- Directions: Return the lines of the data below exactly. Start at the first and end with the line containing "Northern lights cabin landscape art print".

^^^^^^^^

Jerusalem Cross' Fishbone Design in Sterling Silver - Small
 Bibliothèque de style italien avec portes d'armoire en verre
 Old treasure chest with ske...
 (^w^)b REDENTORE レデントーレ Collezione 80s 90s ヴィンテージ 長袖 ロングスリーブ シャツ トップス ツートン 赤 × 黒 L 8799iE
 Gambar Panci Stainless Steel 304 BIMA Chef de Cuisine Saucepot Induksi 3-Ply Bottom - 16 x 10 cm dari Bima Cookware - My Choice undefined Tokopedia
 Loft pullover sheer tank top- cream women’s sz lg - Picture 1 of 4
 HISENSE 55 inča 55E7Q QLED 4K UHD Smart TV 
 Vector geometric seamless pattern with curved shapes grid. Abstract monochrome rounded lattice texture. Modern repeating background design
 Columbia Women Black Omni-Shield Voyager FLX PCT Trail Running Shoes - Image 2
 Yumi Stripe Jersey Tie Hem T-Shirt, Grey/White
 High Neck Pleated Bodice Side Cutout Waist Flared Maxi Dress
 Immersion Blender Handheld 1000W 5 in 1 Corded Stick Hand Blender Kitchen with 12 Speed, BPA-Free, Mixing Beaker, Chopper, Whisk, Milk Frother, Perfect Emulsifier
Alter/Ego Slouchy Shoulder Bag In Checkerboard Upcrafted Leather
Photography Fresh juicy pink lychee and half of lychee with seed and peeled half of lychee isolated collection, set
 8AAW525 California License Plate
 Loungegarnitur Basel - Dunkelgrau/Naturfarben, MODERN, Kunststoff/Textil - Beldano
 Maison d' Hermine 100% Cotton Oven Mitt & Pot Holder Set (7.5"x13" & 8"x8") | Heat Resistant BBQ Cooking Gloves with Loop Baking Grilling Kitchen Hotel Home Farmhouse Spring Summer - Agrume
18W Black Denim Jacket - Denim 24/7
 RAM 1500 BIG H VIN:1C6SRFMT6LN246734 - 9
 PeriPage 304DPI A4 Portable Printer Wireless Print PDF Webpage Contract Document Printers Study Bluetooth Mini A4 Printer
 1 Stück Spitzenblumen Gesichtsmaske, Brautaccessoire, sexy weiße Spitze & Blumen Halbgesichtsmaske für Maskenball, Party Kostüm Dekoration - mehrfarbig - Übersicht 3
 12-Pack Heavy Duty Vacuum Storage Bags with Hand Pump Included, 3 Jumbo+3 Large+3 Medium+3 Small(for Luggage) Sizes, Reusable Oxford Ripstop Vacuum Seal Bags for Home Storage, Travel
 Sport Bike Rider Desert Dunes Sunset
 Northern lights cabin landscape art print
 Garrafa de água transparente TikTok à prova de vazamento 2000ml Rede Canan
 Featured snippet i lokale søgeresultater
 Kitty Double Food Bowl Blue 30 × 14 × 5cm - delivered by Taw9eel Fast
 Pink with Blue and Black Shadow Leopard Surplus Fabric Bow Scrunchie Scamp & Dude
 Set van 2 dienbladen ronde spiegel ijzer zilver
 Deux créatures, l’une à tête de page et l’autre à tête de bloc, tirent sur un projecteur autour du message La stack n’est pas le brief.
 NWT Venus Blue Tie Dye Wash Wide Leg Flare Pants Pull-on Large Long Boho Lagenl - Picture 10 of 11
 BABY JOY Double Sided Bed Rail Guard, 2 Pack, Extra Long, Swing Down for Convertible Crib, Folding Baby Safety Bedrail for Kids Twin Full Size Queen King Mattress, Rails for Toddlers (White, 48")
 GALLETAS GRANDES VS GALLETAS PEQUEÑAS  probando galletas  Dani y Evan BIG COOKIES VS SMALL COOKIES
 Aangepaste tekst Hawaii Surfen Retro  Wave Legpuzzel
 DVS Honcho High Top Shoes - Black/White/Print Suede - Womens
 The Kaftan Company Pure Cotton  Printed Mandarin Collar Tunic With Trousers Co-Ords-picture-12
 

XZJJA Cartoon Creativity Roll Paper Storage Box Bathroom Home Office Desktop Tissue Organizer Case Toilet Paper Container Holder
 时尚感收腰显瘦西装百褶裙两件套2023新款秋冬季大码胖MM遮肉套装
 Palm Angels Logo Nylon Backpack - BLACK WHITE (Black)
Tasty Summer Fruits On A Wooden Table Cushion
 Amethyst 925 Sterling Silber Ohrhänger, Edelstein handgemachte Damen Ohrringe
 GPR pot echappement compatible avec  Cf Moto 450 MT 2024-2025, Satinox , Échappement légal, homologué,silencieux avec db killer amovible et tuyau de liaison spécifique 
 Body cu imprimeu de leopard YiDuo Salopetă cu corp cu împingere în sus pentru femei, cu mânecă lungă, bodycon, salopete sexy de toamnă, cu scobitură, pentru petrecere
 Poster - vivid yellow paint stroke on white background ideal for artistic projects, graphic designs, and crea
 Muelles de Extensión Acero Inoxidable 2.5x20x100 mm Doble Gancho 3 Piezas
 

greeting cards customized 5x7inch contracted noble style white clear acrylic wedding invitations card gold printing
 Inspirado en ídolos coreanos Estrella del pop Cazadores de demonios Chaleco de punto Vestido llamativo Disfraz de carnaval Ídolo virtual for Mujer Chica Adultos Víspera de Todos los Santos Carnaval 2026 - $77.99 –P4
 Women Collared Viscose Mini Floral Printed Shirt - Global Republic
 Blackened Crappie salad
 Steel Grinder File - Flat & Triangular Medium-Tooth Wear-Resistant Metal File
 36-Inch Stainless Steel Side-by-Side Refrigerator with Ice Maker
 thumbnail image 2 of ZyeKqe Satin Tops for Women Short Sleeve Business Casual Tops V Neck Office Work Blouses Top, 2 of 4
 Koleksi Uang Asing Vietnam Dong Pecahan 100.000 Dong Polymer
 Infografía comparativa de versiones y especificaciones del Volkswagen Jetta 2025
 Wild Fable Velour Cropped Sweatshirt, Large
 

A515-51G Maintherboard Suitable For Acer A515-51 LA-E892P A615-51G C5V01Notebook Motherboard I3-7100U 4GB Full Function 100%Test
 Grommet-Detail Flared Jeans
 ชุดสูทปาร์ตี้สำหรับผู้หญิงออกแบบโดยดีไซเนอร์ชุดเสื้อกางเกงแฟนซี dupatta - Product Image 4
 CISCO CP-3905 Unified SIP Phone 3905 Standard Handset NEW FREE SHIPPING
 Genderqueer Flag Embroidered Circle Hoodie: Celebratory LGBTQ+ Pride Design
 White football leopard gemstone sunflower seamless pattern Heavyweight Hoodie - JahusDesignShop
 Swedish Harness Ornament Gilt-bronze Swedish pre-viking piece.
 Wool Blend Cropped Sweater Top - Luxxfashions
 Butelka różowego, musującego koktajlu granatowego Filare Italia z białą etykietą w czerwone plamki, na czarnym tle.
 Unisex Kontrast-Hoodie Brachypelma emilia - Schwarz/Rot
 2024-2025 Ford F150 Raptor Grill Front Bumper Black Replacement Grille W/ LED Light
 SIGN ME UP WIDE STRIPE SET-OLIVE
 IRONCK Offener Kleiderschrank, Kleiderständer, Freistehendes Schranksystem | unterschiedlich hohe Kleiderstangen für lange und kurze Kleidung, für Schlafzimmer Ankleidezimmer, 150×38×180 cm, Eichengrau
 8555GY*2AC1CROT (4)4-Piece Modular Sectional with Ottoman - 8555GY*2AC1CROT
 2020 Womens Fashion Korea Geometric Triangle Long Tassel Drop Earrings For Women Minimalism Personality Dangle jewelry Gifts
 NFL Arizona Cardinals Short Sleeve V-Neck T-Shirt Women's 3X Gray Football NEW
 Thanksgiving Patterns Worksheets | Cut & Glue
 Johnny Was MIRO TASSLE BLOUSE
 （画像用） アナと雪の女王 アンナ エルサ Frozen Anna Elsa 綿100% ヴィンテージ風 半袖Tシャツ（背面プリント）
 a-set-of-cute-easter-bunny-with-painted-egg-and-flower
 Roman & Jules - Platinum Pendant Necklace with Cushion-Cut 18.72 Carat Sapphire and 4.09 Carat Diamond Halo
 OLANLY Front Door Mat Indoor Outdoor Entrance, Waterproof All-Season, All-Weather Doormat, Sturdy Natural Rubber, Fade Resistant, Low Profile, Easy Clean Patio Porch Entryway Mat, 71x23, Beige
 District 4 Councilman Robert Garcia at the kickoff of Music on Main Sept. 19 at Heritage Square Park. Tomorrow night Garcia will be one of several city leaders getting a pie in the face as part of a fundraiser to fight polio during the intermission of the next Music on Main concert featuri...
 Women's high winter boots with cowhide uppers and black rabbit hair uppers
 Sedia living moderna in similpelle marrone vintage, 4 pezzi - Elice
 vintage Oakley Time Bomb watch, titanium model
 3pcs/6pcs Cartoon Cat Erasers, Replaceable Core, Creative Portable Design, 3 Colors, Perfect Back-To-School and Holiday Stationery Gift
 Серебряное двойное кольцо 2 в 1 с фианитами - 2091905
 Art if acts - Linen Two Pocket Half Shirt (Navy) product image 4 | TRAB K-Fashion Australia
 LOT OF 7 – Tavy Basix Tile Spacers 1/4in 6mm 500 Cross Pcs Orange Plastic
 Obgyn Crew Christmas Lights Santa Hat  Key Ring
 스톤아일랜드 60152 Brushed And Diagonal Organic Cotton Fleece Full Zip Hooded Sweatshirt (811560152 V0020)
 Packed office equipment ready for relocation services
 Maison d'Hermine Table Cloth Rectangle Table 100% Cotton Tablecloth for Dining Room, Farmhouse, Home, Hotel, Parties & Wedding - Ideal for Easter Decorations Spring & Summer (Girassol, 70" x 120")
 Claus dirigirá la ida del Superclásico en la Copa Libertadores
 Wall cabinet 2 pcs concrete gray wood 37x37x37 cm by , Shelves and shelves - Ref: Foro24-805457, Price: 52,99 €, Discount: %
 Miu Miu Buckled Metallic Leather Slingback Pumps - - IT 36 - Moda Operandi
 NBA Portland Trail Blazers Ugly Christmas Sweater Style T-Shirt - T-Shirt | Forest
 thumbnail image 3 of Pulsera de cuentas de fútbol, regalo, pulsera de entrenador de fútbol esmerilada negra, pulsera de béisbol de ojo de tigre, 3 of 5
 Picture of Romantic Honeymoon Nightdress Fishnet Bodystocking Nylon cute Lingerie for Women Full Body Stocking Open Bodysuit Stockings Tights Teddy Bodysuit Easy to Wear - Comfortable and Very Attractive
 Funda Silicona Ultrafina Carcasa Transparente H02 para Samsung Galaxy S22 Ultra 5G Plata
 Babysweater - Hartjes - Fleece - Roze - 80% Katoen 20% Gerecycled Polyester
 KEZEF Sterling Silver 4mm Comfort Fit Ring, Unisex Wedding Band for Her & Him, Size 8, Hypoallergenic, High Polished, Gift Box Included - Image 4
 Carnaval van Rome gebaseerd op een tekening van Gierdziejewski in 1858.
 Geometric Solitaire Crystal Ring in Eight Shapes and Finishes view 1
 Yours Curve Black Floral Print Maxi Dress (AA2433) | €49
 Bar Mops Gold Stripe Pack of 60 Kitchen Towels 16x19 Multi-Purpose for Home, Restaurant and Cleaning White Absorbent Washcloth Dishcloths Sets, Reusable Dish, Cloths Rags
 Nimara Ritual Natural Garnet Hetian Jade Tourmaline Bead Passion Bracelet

^^^^^^^^

- Task answer:
Jerusalem Cross' Fishbone Design in Sterling Silver - Small
 Bibliothèque de style italien avec portes d'armoire en verre
 Old treasure chest with ske...
 (^w^)b REDENTORE レデントーレ Collezione 80s 90s ヴィンテージ 長袖 ロングスリーブ シャツ トップス ツートン 赤 × 黒 L 8799iE
 Gambar Panci Stainless Steel 304 BIMA Chef de Cuisine Saucepot Induksi 3-Ply Bottom - 16 x 10 cm dari Bima Cookware - My Choice undefined Tokopedia
 Loft pullover sheer tank top- cream women’s sz lg - Picture 1 of 4
 HISENSE 55 inča 55E7Q QLED 4K UHD Smart TV 
 Vector geometric seamless pattern with curved shapes grid. Abstract monochrome rounded lattice texture. Modern repeating background design
 Columbia Women Black Omni-Shield Voyager FLX PCT Trail Running Shoes - Image 2
 Yumi Stripe Jersey Tie Hem T-Shirt, Grey/White
 High Neck Pleated Bodice Side Cutout Waist Flared Maxi Dress
 Immersion Blender Handheld 1000W 5 in 1 Corded Stick Hand Blender Kitchen with 12 Speed, BPA-Free, Mixing Beaker, Chopper, Whisk, Milk Frother, Perfect Emulsifier
Alter/Ego Slouchy Shoulder Bag In Checkerboard Upcrafted Leather
Photography Fresh juicy pink lychee and half of lychee with seed and peeled half of lychee isolated collection, set
 8AAW525 California License Plate
 Loungegarnitur Basel - Dunkelgrau/Naturfarben, MODERN, Kunststoff/Textil - Beldano
 Maison d' Hermine 100% Cotton Oven Mitt & Pot Holder Set (7.5"x13" & 8"x8") | Heat Resistant BBQ Cooking Gloves with Loop Baking Grilling Kitchen Hotel Home Farmhouse Spring Summer - Agrume
18W Black Denim Jacket - Denim 24/7
 RAM 1500 BIG H VIN:1C6SRFMT6LN246734 - 9
 PeriPage 304DPI A4 Portable Printer Wireless Print PDF Webpage Contract Document Printers Study Bluetooth Mini A4 Printer
 1 Stück Spitzenblumen Gesichtsmaske, Brautaccessoire, sexy weiße Spitze & Blumen Halbgesichtsmaske für Maskenball, Party Kostüm Dekoration - mehrfarbig - Übersicht 3
 12-Pack Heavy Duty Vacuum Storage Bags with Hand Pump Included, 3 Jumbo+3 Large+3 Medium+3 Small(for Luggage) Sizes, Reusable Oxford Ripstop Vacuum Seal Bags for Home Storage, Travel
 Sport Bike Rider Desert Dunes Sunset
 Northern lights cabin landscape art print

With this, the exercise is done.